Work request.
Once you reach the line containing "Personalisierte ovale Medaille" in the data below, restate each line word for word up to and including the one containing "Springs, CA 92262".

━━━━━━━━━━

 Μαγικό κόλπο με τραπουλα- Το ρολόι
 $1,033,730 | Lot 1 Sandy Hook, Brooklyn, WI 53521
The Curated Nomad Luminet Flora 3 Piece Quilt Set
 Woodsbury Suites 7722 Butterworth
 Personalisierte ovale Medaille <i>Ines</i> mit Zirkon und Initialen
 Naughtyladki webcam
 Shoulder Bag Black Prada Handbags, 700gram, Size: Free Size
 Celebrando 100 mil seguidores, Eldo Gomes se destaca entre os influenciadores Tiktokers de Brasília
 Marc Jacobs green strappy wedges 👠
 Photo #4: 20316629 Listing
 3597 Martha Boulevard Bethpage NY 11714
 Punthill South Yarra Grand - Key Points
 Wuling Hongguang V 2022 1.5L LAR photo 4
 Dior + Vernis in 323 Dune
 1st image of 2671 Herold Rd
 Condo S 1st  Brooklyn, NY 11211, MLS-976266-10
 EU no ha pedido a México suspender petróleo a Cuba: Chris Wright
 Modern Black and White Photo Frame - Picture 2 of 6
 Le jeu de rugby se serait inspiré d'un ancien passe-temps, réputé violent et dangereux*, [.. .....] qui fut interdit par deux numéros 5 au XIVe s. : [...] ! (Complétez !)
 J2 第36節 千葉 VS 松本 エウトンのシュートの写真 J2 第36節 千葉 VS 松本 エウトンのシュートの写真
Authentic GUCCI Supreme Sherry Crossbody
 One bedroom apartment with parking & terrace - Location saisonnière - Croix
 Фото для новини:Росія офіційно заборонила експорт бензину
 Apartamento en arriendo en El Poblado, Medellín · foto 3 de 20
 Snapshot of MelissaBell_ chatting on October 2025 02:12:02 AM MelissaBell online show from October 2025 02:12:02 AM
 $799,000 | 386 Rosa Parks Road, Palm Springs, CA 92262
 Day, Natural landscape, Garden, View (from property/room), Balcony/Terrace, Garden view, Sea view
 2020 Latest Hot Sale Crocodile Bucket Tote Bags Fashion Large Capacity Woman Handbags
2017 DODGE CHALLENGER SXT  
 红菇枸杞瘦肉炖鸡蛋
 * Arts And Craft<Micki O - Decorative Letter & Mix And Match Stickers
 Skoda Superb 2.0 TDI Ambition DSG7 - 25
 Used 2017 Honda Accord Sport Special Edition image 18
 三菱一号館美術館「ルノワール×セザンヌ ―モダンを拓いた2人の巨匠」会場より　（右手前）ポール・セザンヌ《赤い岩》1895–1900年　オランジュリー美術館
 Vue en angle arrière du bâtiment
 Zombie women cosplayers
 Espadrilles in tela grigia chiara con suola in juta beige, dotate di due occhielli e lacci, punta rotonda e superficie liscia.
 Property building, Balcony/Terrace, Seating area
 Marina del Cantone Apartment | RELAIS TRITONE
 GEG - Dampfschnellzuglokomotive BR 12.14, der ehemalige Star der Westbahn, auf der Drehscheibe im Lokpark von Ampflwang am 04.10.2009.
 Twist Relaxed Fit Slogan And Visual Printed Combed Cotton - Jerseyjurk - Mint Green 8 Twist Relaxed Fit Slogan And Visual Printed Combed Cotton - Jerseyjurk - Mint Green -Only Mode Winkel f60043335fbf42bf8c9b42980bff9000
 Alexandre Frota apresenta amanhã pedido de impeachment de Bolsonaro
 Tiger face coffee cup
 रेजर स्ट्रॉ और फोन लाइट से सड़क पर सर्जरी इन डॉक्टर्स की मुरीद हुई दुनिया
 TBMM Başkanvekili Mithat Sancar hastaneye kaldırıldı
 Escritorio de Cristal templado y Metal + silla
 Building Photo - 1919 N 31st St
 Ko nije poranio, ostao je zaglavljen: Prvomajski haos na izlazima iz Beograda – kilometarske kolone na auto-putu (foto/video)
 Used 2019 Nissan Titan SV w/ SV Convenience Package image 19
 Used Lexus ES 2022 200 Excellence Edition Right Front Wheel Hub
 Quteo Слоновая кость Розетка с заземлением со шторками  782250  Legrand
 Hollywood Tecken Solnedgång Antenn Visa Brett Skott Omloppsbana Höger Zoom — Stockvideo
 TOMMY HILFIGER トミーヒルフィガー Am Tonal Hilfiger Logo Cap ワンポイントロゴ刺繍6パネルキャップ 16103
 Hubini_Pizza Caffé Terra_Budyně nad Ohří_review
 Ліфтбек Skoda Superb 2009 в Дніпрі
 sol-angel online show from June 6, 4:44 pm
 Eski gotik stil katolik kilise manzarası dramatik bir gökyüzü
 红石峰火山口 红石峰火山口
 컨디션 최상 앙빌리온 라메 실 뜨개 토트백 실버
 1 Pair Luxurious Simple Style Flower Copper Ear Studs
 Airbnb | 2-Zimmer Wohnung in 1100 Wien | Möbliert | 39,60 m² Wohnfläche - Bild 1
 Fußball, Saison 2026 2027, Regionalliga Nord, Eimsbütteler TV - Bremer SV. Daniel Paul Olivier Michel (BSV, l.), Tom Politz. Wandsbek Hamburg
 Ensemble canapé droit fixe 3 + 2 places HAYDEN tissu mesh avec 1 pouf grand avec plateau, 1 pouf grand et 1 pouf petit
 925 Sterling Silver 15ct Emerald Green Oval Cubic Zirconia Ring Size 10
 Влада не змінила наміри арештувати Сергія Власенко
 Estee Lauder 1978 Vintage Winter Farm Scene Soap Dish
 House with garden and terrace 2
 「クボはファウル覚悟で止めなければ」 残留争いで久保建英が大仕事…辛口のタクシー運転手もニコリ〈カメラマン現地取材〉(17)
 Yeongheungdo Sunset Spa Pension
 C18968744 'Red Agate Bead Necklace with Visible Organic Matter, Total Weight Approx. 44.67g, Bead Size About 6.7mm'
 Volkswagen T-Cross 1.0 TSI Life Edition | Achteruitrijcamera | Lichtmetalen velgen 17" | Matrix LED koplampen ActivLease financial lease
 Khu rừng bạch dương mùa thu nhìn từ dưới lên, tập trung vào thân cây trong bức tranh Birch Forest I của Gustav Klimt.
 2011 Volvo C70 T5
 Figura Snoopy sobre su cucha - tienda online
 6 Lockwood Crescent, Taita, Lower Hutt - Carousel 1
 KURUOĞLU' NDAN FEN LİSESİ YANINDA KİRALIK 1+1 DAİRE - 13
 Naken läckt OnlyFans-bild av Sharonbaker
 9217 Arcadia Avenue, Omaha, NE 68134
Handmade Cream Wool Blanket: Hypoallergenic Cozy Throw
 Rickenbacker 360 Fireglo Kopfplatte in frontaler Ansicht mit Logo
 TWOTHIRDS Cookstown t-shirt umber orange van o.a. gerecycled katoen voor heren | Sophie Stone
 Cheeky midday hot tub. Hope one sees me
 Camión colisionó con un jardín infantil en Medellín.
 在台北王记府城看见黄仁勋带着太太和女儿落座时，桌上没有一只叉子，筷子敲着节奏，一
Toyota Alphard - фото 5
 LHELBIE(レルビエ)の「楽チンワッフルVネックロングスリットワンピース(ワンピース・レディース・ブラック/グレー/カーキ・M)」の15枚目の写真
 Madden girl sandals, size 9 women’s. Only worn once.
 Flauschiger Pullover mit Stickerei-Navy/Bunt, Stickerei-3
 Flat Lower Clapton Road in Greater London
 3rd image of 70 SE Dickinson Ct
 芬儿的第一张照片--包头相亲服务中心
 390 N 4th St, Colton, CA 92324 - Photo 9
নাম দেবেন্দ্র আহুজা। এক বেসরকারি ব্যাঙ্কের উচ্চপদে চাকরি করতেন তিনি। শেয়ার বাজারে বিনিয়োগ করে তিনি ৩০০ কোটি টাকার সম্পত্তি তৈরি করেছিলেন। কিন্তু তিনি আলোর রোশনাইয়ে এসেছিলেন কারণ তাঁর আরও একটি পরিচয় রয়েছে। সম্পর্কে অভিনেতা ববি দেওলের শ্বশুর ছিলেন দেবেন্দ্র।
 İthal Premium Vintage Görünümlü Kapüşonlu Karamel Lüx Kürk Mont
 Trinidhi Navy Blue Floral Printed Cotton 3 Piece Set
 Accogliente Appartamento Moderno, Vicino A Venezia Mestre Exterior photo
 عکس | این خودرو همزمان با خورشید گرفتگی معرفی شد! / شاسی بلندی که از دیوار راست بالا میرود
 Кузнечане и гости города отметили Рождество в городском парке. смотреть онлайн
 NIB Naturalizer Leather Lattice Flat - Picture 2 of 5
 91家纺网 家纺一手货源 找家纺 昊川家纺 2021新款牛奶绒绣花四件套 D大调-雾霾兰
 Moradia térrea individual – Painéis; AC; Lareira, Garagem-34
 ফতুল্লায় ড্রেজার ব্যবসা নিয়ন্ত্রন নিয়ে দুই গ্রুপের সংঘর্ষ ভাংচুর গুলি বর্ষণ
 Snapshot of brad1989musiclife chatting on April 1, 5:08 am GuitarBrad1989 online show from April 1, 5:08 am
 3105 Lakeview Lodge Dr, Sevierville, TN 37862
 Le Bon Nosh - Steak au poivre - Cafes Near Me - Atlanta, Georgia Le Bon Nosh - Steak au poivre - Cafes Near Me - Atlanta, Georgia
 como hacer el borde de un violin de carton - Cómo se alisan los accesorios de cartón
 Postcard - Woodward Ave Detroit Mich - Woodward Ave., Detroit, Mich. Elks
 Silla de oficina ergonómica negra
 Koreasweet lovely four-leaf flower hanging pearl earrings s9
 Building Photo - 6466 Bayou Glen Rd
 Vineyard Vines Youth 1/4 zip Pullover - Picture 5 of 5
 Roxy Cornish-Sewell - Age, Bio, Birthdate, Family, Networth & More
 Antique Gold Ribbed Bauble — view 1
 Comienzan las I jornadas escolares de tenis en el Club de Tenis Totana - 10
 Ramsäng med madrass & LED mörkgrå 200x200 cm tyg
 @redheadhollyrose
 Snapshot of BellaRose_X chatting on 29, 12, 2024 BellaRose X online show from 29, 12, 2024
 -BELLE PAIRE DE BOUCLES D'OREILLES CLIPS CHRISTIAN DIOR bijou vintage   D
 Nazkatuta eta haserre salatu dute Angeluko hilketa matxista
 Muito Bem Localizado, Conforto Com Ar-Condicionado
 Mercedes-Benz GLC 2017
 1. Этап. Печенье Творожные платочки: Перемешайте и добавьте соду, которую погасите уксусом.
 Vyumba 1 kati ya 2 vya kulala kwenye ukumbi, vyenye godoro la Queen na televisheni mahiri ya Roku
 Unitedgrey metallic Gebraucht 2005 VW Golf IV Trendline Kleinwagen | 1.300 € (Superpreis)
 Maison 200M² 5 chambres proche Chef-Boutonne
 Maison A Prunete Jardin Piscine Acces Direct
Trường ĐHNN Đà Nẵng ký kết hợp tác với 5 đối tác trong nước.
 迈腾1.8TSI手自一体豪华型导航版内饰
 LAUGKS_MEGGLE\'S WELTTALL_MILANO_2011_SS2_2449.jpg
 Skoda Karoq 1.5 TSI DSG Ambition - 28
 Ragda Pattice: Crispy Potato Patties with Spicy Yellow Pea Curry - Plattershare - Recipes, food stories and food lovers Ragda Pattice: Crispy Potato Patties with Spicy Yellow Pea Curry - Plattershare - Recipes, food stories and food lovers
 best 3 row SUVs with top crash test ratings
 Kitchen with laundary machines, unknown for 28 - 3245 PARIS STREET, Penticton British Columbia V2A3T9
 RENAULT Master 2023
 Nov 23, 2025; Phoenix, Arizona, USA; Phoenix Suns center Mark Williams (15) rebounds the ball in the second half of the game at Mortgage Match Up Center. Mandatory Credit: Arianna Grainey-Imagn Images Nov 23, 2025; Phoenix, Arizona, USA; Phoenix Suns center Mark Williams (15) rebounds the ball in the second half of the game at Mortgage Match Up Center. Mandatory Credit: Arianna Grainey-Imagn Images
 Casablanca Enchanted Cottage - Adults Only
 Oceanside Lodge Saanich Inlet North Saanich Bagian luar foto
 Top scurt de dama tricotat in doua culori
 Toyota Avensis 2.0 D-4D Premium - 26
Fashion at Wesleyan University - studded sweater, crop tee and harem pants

━━━━━━━━━━

Output.
 Personalisierte ovale Medaille <i>Ines</i> mit Zirkon und Initialen
 Naughtyladki webcam
 Shoulder Bag Black Prada Handbags, 700gram, Size: Free Size
 Celebrando 100 mil seguidores, Eldo Gomes se destaca entre os influenciadores Tiktokers de Brasília
 Marc Jacobs green strappy wedges 👠
 Photo #4: 20316629 Listing
 3597 Martha Boulevard Bethpage NY 11714
 Punthill South Yarra Grand - Key Points
 Wuling Hongguang V 2022 1.5L LAR photo 4
 Dior + Vernis in 323 Dune
 1st image of 2671 Herold Rd
 Condo S 1st  Brooklyn, NY 11211, MLS-976266-10
 EU no ha pedido a México suspender petróleo a Cuba: Chris Wright
 Modern Black and White Photo Frame - Picture 2 of 6
 Le jeu de rugby se serait inspiré d'un ancien passe-temps, réputé violent et dangereux*, [.. .....] qui fut interdit par deux numéros 5 au XIVe s. : [...] ! (Complétez !)
 J2 第36節 千葉 VS 松本 エウトンのシュートの写真 J2 第36節 千葉 VS 松本 エウトンのシュートの写真
Authentic GUCCI Supreme Sherry Crossbody
 One bedroom apartment with parking & terrace - Location saisonnière - Croix
 Фото для новини:Росія офіційно заборонила експорт бензину
 Apartamento en arriendo en El Poblado, Medellín · foto 3 de 20
 Snapshot of MelissaBell_ chatting on October 2025 02:12:02 AM MelissaBell online show from October 2025 02:12:02 AM
 $799,000 | 386 Rosa Parks Road, Palm Springs, CA 92262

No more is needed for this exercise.